Beijing’s strategic control
While Indian automakers are visibly facing more hurdles than the US and Europe in importing REEs from China, the latter’s approach to other countries suggests that New Delhi could face the brunt of China’s chokehold both during peacetime and conflict. In fact, China’s assertiveness continues unabated after the October 2024 border patrol agreement, widely perceived as a “thaw” in the India-China ties.

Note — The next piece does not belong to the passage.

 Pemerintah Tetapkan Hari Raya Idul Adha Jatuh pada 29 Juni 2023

The China-Japan skirmish over Senkakus in 2010 and its implications serve as a relevant cue for India. Following a diplomatic row over the arrest of a Chinese trawler captain by Tokyo near Senkaku, Beijing banned REE exports to Japan for two months, causing Japanese industry, especially the auto sector, to panic, even as the REE prices soared ten times following the incident. At that time, Japan, almost like India today, imported 90 per cent of its REEs from China. This is indicative of a potential scenario wherein Beijing, during any future border skirmishes with India, could halt its REE exports in an attempt to gain a stronger position at the negotiating table. Beijing’s REE export curbs on Washington, even though stemming from US President Donald Trump’s tariffs, remain a relevant case study for India. With India lacking strong economic or technological leverage over China like the US, Beijing can, in future, weaponise its dominance over REE supply chains vis-à-vis India in peacetime. China has been known to block certain exports to India, including solar equipment—leveraging its dominance over solar equipment supply chains, in response to India’s anti-dumping probe against Chinese entities.

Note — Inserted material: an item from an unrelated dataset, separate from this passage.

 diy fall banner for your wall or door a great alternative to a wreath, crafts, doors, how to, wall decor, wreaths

Moreover, even though US-China trade talks in London resulted in China agreeing to temporarily restore rare-earth licences to US companies, considered a key breakthrough by Washington, REE supplies remain constrained.
There is a six-month limit on licences granted to US firms—illustrating how China retains leverage if trade tensions arise again. Contrary to the truce in London, a large backlog of export approvals still persists. This is similar to China’s slow-walking approvals (merely 98 out of 1000-plus applications were approved) for REE exports despite it promising to fast-track critical mineral export licences in a bilateral deal reached in Geneva on May 12. Notably, the London talks excluded the US’ military use of REEs, with no commitment by Beijing to grant export clearance for military-use rare earth magnets required by the US military. This appears as a form of Beijing’s strategic control or insurance to prevent the US from violating the truce.

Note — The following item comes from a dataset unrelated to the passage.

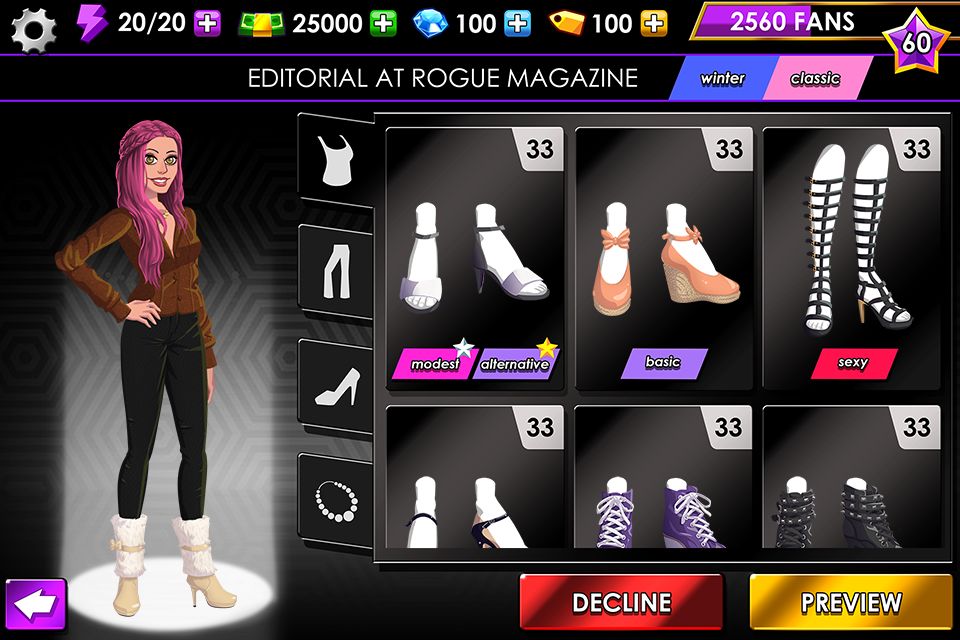 Fashion Fever: Dress Up Game ภาพหน้าจอเกม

Going forward, Beijing would likely be reluctant to give up its potent leverage vis-à-vis REEs, especially over those countries having strained or adversarial ties with it. A key factor in China’s calculus would be political trust, which, similar to the US-China dynamic, is scarce between India and China. For now, China, in a best-case scenario for India, is likely to approve export permits to the extent that the Indian importers cannot stockpile.
It’s time New Delhi prioritised a multi-pronged strategy for both the short and long-term, and instead of just “hoping”, transcended the resource curse and became resilient to future supply chain disruption.